If you want a full understanding of the totality of economic damage FIN-7 created, one needs to look no further than the Government’s sentencing memorandum https://ecf.wawd.uscourts.gov/doc1/19709611699 - because the level of detail in the Government’s Memorandum is staggering³ (but for those of us who have followed this case since it’s inception - it simply re-affirmed previous assertions)

The level of sophistication and “cyber Darwinism” used by FIN-7 can not be emphasized enough. This group was likely the most sophisticated hacking group ever experienced in the wild. Their ability to shift on the fly -largely allowed them to elude law enforcement for years.

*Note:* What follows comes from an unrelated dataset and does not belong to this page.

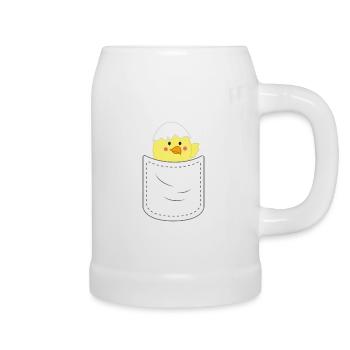 Mignon poche poitrine - Chope en céramique - blanc - Droite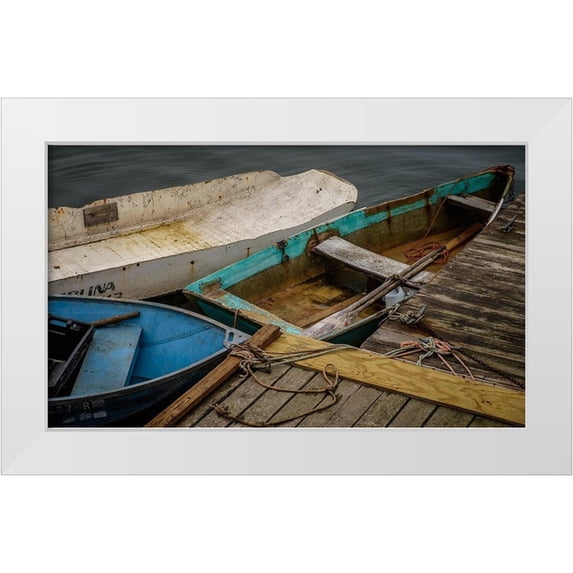 Taylor, Glenn 24x16 White Modern Wood Framed Museum Art Print Titled - Forgotten Dingys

More troubling are the growing number of progeny, born from FIN-7⁴. Hackers have managed to make the weapons used in FIN-7

Did it occur to some that my repeated SEC tweets/threads were based in fact versus QAnon-for-the-Left conspiracy theories —that I was actually pointing out that FIN-7 targeted the SEC?

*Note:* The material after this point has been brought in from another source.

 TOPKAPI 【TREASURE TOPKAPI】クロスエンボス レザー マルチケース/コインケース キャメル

At any rate if you get the sense of my frustration- well that’s intended. I’m fed up with doing the research and then being proved months or sometimes years later that my assessments were correct. I based those on facts versus insanely complicated conspiracy theories

GOVERNMENT SENTENCING MEMO, found here

FINAL JUDGEMENT found here,

I should have taken more time off because I need to get into a better headspace— being the constant target of hateful, insane and obsessed stalkers —their actions have real life implications and the injury they have caused is concrete and particularized and ultimately they will have to pay the consequences of their deleterious behavior. Conversely I’m glad that I’m living rent free in your head(s).

-Filey

1

August 2018 DOJ-OPA Announcement Three Members of Notorious International Cybercrime Group “Fin7” in Custody for Role in Attacking Over 100 U.S. Companies Victim Companies in 47 U.S. States; Used Front Company ‘Combi Security’ to Recruit Hackers to Criminal Enterprise

2

18 U.S.C. §§ 3663 and 3663A - Mandatory restitution to victims of certain crimes -last visited April 16, 2021 - https://www.govinfo.gov/content/pkg/USCODE-2000-title18/pdf/USCODE-2000-title18-partII-chap232-sec3663A.pdf

3

The government proffered the following 2017 report as a footnote in their sentencing memorandum - Footprints of Fin7: Pushing New Techniques to Evade Detection (see Shifting Techniques - Initial Payload, Halfbaked Obfuscation Change, New Halfbaked Feature…) https://atr-blog.gigamon.com/2017/10/08/footprints-of-fin7-pushing-new-techniques-to-evade-detection/

4

Researchers Disclose Details of FIN7 Hacking Group's Malware - Report Dissects JSSLoader Remote Access Trojan https://www.bankinfosecurity.com/researchers-disclose-details-fin7-hacking-groups-malware-a-15703

Comments

[Candy]

"more than $3 billion" and they say shoplifters are killing brick and mortar retail. Last time I heard, no one was shoplifting truckloads of fantasy bras...

[toad]

Hey - weekend off filey! What happened?